Colorful Journey is part art book, part travel diary, part guide to tidbits of New Hampshire history and culture. It took Bottomley two years to visit and draw all 234 towns and cities in the seven regions of our state, and the book gives a page to each, with the pencil/ink/watercolor pictures taking up most of the space. Her style is fluid and colorful, and in the text she calls attention to the way she composed her drawings, when she took artistic license, and what details drew her eye.

In the process, patterns emerge — there are many interestingly re-purposed meeting houses and railroad stations around the state, many cozy general stores, well laid out town centers, and decoratively designed libraries. A lot of New Hampshire’s steeples are topped with weather vanes. Mills abound as well, and it’s interesting to read about all the ways they are being used today and what they produced in their time.

The accompanying text adds even more local color, as Bottomley recalls what she saw as she sketched, what the weather was like, who she saw or met, and sometimes what she ate. For each town there is also a fact laid out in a different font and another set in larger, bolder font. I am usually not a fan of more than one font on a page, nor of such variety of type size and strength, but it really works in this book, and the design seems to add to the reading — you can just look at the art, catch the highlighted facts, and move on, or you can read more closely.
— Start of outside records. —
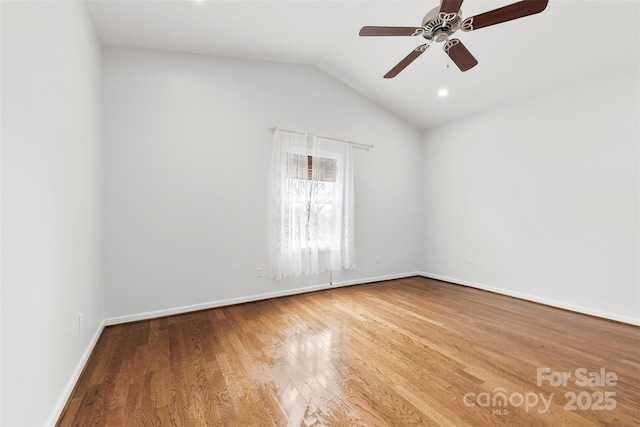 spare room with hardwood / wood-style flooring, ceiling fan, and lofted ceiling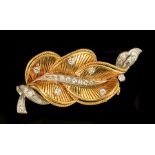 A Diamond Leaf Brooch the openwork plaque claw and pavé-set brilliant-cut diamonds in 18ct white and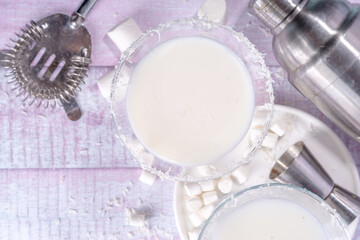 Cottontail Martini, sweet cute white martini alcohol cocktail, with marshmallow, marshmallow flakes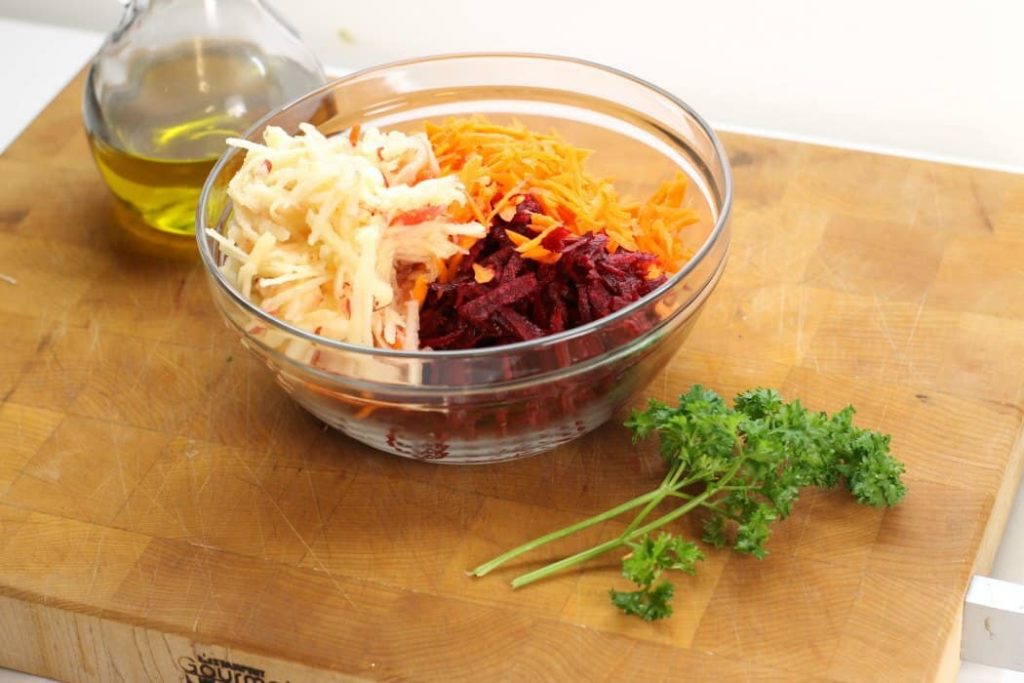 shredded beets, shredded carrots, and shredded apples in a bowl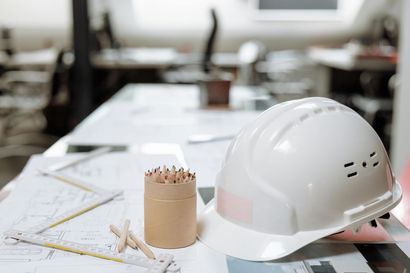 White hard hat, pencils, and blueprints on a desk in an office.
I love New Hampshire, where the Computer Scientist and I feel most at home of all the many places we’ve lived. I find that despite it’s small size, it’s hugely interesting, and this book reminded me of bits of history, geography and culture that make it that way. I also learned that most towns seem to have changed names as well as borders at one point, and one even declared itself a sovereign nation (The Republic of Indian Stream, now Pittsburg) when its people tired of being taxed by both the U.S. and Canada. And of course I loved that Bottomley visited and drew so many libraries.

Whether you live in New Hampshire, vacation here, or just want to learn about it — we are, after all, soon to be on the national stage again as the “first in the nation” presidential primary state — enjoy this beautiful, informative book.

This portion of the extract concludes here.